¡No te metas con los dulces de Don Rogelio!




Era una noche de Halloween, y el pequeño Samuel estaba decidido a superar el récord del año pasado: cincuenta casas visitadas. Iba vestido de un adorable vampirito, con capa negra y colmillos de plástico. Corría de puerta en puerta, su vocecita chillona gritando: "¡Truco o trato!".

Pero en una casa, algo salió mal. Era la casa de Don Rogelio, el viejo gruñón del barrio. Cuando Samuel llamó a su puerta, ésta se abrió de golpe y Don Rogelio apareció con una expresión de pocos amigos.

"¡Largo de aquí, mocoso!", gruñó. "No tengo dulces para ti".

Samuel se quedó helado. Nunca nadie le había negado caramelos antes. Pero antes de que pudiera decir nada, Don Rogelio cerró la puerta de un portazo.

Samuel se alejó desolado, pero no se rindió. Siguió llamando a otras puertas, pero el recuerdo de la cara de Don Rogelio lo perseguía. Sentía como si hubiera perdido la magia de Halloween.

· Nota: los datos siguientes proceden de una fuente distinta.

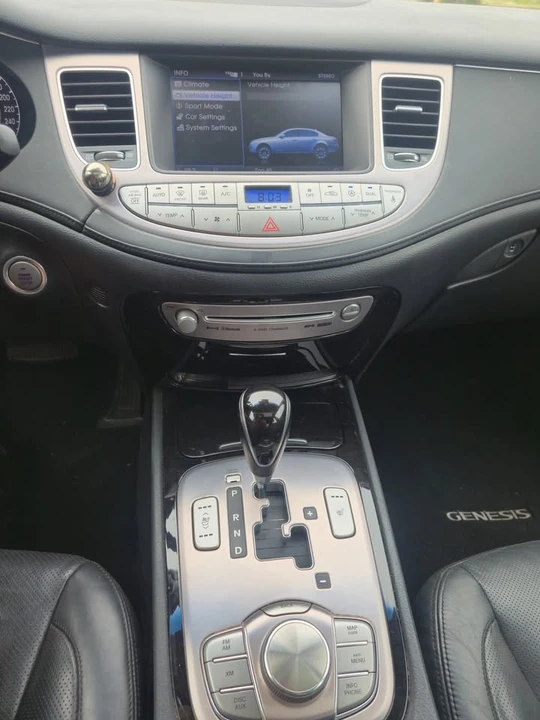2012 Hyundai Genesis - Image 6 of 10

Al final del día, Samuel había visitado solo treinta casas, muy lejos de su objetivo. Estaba agotado y desanimado, y decidió volver a casa.

Mientras caminaba por la calle, pasó de nuevo por la casa de Don Rogelio. Esta vez, la puerta estaba abierta y la luz de una vela parpadeaba en el interior. Samuel sintió curiosidad y se asomó.

En el suelo, junto a la mesa, estaban todos los dulces que Don Rogelio había recogido aquella noche. ¡Había montones de caramelos, chocolates y galletas!

Samuel no pudo resistirse. Cogió un caramelo y se lo metió en la boca. Estaba delicioso. Luego cogió otro, y otro más. Y antes de darse cuenta, estaba comiendo un puñado de dulces.

Mientras comía, Samuel oyó un ruido detrás de él. Se dio la vuelta y vio a Don Rogelio de pie en la puerta, mirándolo con una expresión de enfado.

"¡No te metas con mis dulces, mocoso!", gritó Don Rogelio.

Samuel se quedó paralizado. Sabía que estaba en problemas. Pero entonces, algo extraño sucedió. Don Rogelio empezó a reír.

"¡Así que te has comido mis dulces!", dijo, todavía riéndose. "Bueno, no me importa. Es Halloween, después de todo. Pero no te vayas sin coger más".

Samuel se quedó atónito. ¿Don Rogelio le permitía coger más dulces? Cogió un puñado más y se los metió en los bolsillos.

"Gracias", dijo Samuel.

"De nada", respondió Don Rogelio. "Ahora vete a disfrutar de tus dulces. Y recuerda, ¡los dulces de Don Rogelio son intocables!".

Samuel salió de la casa, su corazón latiendo con fuerza. Había superado su récord, ¡y había aprendido una valiosa lección sobre no juzgar a las personas por su apariencia!